PROVIDED MATERIAL:

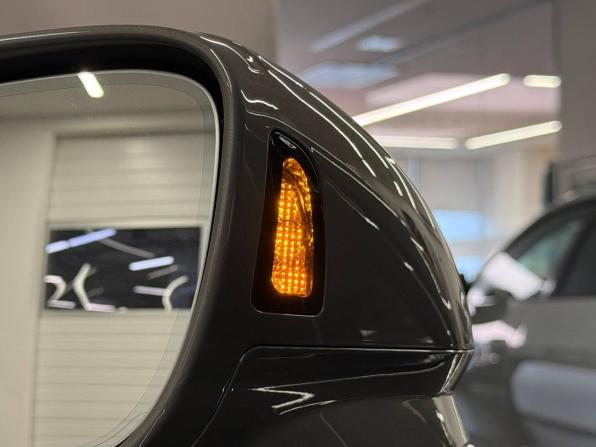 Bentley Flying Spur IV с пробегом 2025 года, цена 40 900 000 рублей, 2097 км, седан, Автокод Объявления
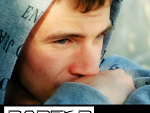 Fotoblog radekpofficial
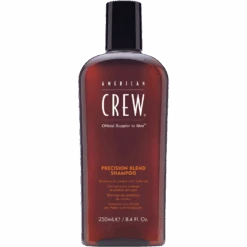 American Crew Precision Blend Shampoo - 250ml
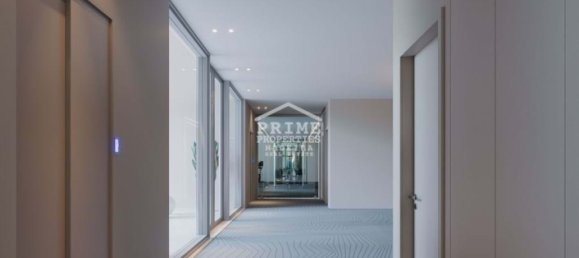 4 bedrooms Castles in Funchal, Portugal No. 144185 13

==

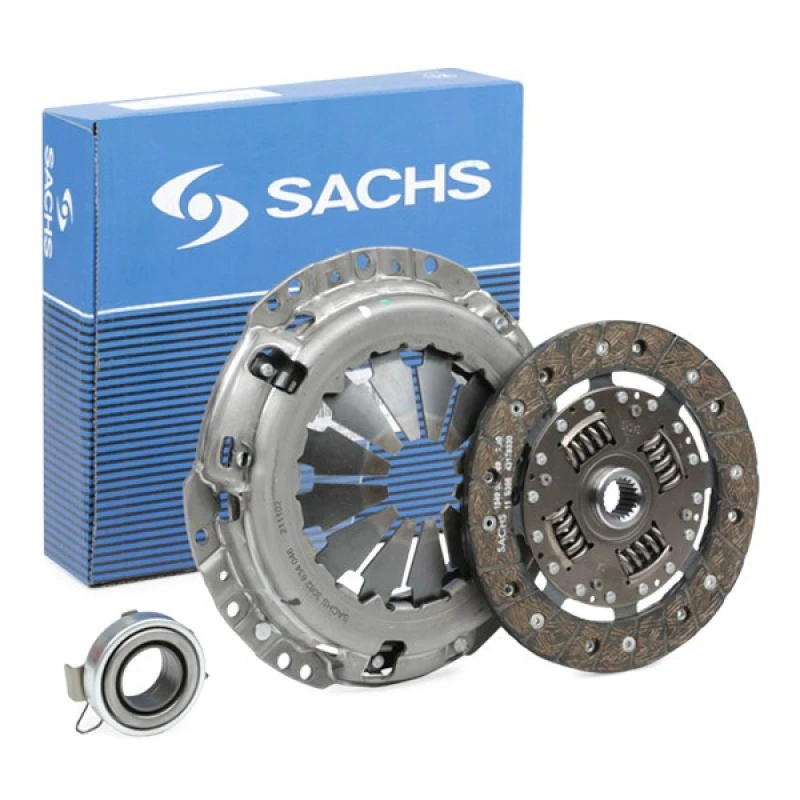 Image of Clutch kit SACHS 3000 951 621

...

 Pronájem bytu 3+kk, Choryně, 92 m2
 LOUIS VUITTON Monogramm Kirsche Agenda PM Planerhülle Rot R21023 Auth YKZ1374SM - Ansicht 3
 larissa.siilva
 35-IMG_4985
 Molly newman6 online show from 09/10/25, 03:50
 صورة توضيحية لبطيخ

INSTRUCTIONS FOR THE TASK:
Leave out every picture, and copy exactly the lines above starting at the one holding "Bentley Flying Spur" and ending at the one holding "4 bedrooms Castles", no more and no less.

THE COMPLETED TASK:
 Bentley Flying Spur IV с пробегом 2025 года, цена 40 900 000 рублей, 2097 км, седан, Автокод Объявления
 Fotoblog radekpofficial
 American Crew Precision Blend Shampoo - 250ml
 4 bedrooms Castles in Funchal, Portugal No. 144185 13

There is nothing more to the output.